Today, Randle, 30, is director of education and employment programs at Making a Difference in Community (MDC), one of Pierce County's leading non-profit organizations. The education program offers college preparation services to low-income students who will be the first in their family to go to college.

The holder of master, bachelor and associate degrees from three institutions, Randle speaks from experience when she tells clients the difference between two-year vs. four-year and public vs. private institutions.

She's all too familiar with what she says is the "stigma" of attending community college. She constantly hears kids insist upon starting college at a university based on their glamorized vision of going away to a four-year institution.

"They want to have this grand experience of what they see on TV," Randle said. "For a lot of kids, the reality is, that jump is just not a good fit if they lack the strong self-confidence, community support and proper resources needed to withstand the culture shock."

Still, Randle can identify with that desire.

Randle's family moved from Louisiana to Washington state when she was in middle school and her stepfather, who was in the Army, transferred to Fort Lewis. In 2001, Randle graduated from Lakes High School. She desperately wanted to attend a historically black college, where she'd be close to her extended family.
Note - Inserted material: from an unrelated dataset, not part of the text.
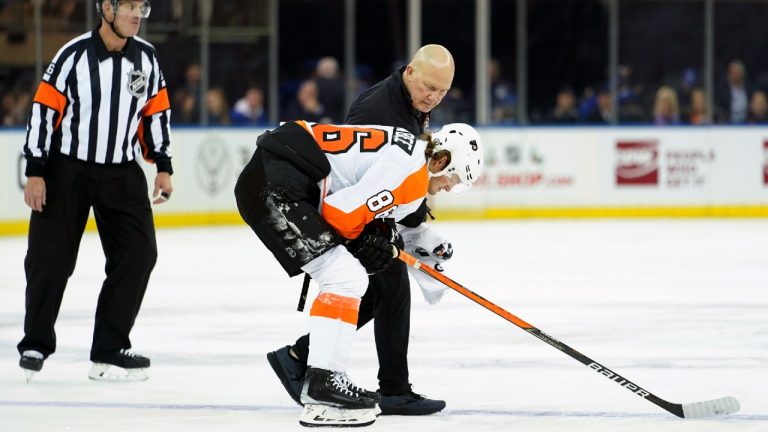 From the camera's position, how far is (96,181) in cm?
533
Yet as she longingly watched friends leave home for universities, Randle followed the advice of her mother, Viola Gilchrist of Lakewood.

"My mom said you're just not ready to leave home," Randle recalled. "Because (Pierce College) was right down the street, she felt like it was a great transition for me into college."
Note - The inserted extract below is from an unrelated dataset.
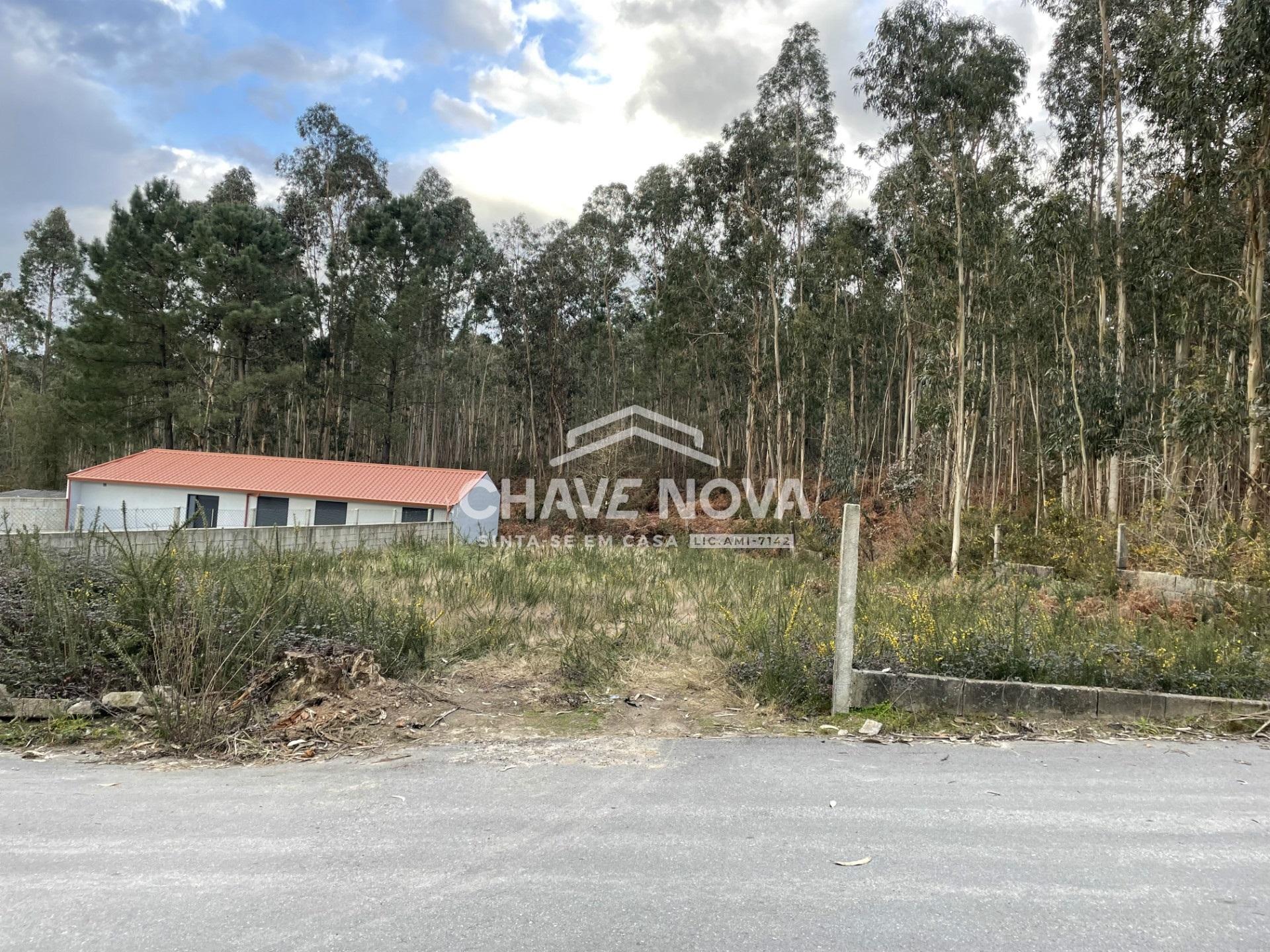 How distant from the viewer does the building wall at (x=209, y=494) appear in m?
27.6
In her heart, Randle agreed. "I hadn't ever set foot on a four-year campus."

Randle flourished at Pierce, becoming president of the Black Student Union and earning strong grades. After paying for her first quarter of studies, she earned academic scholarships and financial need grants that covered the rest of her tuition for the next year and a half.

"School became exciting," Randle said. "… It was an environment that was small enough to give me the undivided attention I needed in order to blossom and grow, identify my weak areas and really have an opportunity to nurture my strengths."

The Pierce College experience built the foundation for Randle's future:

  • A spot in the innovative Act Six Leadership Scholarship and Initiative, a program that provides social justice training to a cadre of students and a full-ride scholarship to – in Randle's case – Whitworth University in Spokane.
  • Her first job, teaching English at Stadium High School in Tacoma.
  • A position in MDC's TRIO College Bound program at Henry Foss High School in Tacoma, teaching college hopefuls the required skills in reading, writing and cultural awareness to thrive in post-secondary institutions.

Now she supervises MDC staff doing the job she once held.

"I'm really living the dream," Randle said. "I love being in a position where I can really support staff in reaching our goal as an agency to promote self-sufficiency and remove individuals and families from poverty."